Solemn's Site
Never stopping to think if I should.
Serving static gzip-compressed content with Apache

Posted in Linux on 28 Mar 2019 at 18:49 UTC

Background

The CI pipeline for one of my projects generates coverage reports as a collection of HTML files, which are published on one of my web servers. Each report is only ~8MB, but that starts to add up pretty quickly after a few dozen commits, so I wanted to compress the reports on disk and have them decompressed as needed rather than using up my precious disk space.

Strangely, this doesn't seem to be a widely-used (or at least well-documented) Apache configuration. All references I found were out of date or didn't do what I wanted.

So here's how I got it working.

Configuration

First, ensure your Apache installation has the following modules enabled:

You may be able to do this by running a2enmod <modulename>, check the documentation for your distribution.

The highlighted configuration directives below will allow serving pre-compressed HTML/CSS files from a single VirtualHost:

<VirtualHost *:80>
        ServerName example.com
        DocumentRoot /var/www/example.com/

        DirectoryIndex "index.html.gz" "index.html"

        # Don't list the compressed files in directory indexes - you probably don't want to expose
        # the .gz URLs to the outside. They're also misleading, since requesting them will give the
        # original files rather than compressed ones.
        IndexIgnore "*.html.gz" "*.css.gz"

        RewriteEngine On

        # Rewrite requests for .html/.css files to their .gz counterparts, if they exist.
        RewriteCond "%{DOCUMENT_ROOT}%{REQUEST_FILENAME}.gz" -s
        RewriteRule "^(.*)\.(html|css)$" "$1\.$2\.gz" [QSA]
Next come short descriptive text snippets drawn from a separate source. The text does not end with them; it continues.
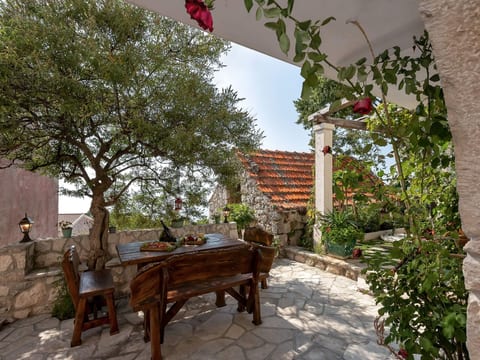 "Villa Lapis"
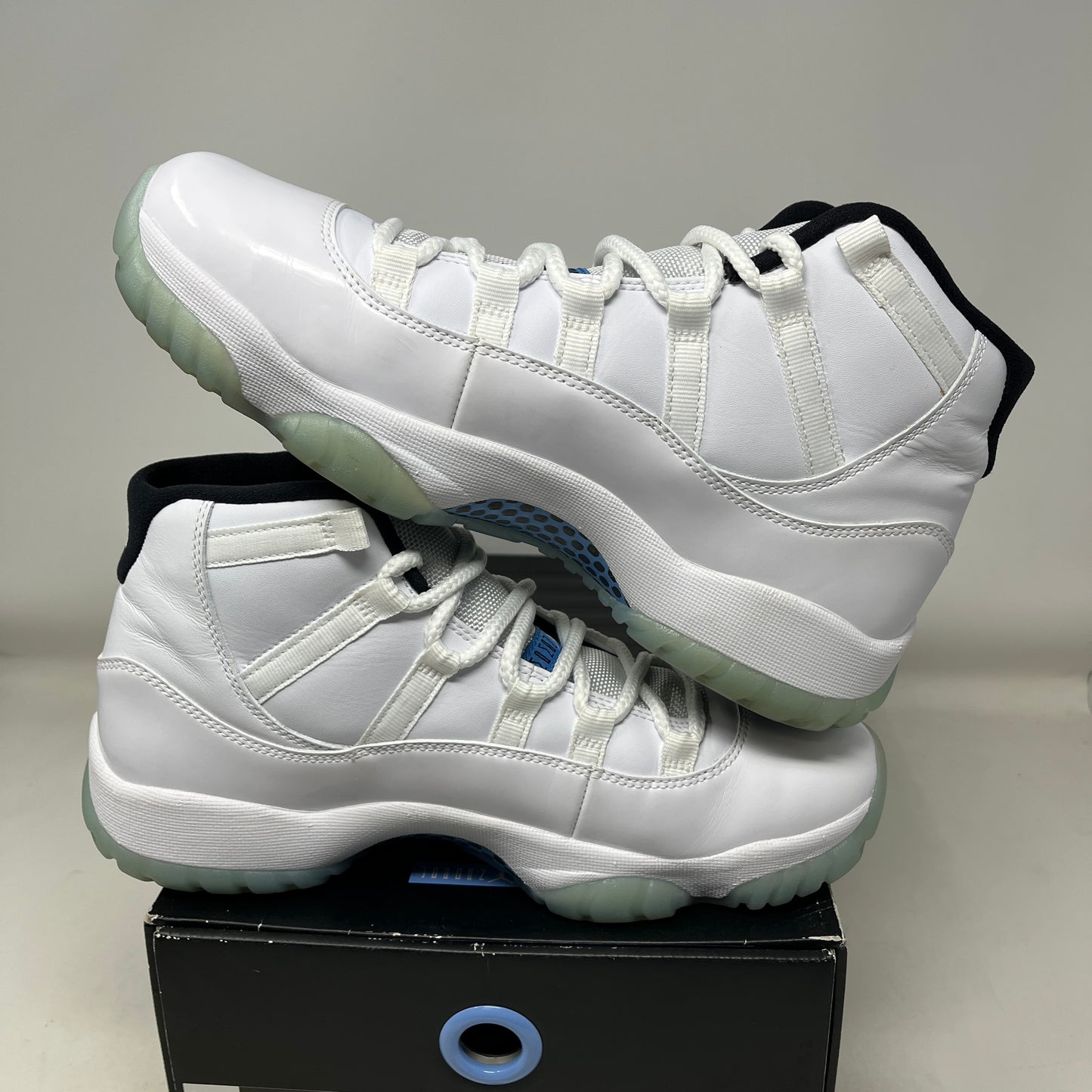 Jordan 11 Retro Legend Blue (2014) Used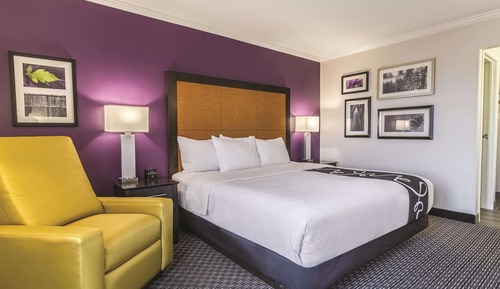 Deluxe Suite, 1 King Bed, Accessible, Non Smoking (Mobility Accessible)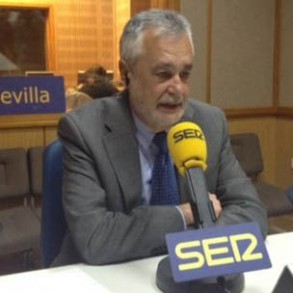 Griñán acusa al Gobierno de haber "roto" todos los consensos y ve alternativas Griñán acusa al Gobierno de haber "roto" todos los consensos y ve alternativas al "recorte" en sanidad y educación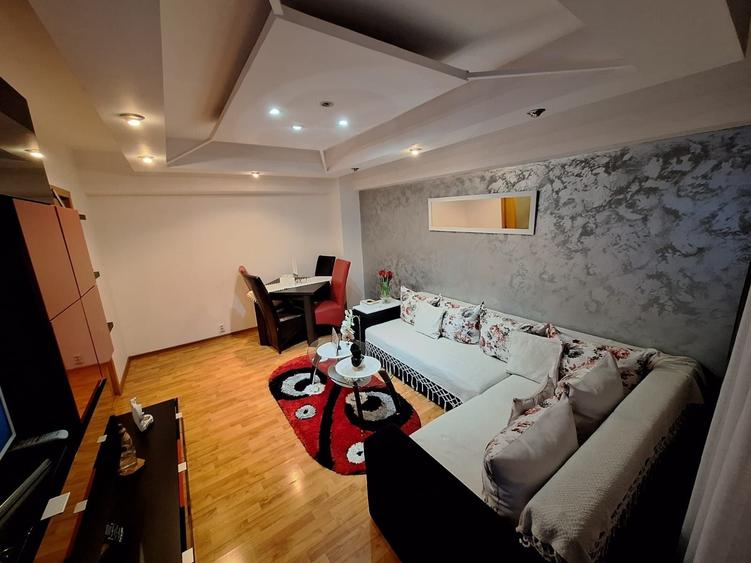 Apartament cu 3 camere nedecomandat în Central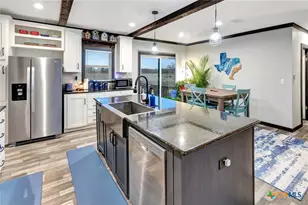 497 W Oaks, Victoria, TX 77905 - Photo 11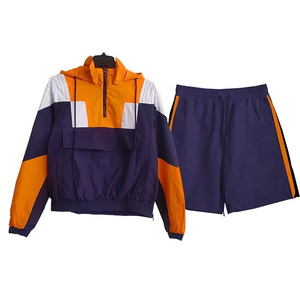 Conjunto Deportivo de Invierno Personalizado con Chaqueta Cortavientos con Capucha y Pantalones Cortos, Ligero, de Poliéster/Algodón - Product Image 3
        # Serve compressed HTML/CSS with the correct Content-Type header.
        RewriteRule "\.html\.gz$" "-" [T=text/html,E=no-gzip:1]
        RewriteRule "\.css\.gz$"  "-" [T=text/css,E=no-gzip:1]

        # Define a filter which decompresses the content using zcat.
        # CAVEAT: This will fork a new process for every request made by a client that doesn't
        # support gzip compression (most browsers do), so may not be suitable if you're running a
        # very busy site.
        ExtFilterDefine zcat cmd="/bin/zcat -"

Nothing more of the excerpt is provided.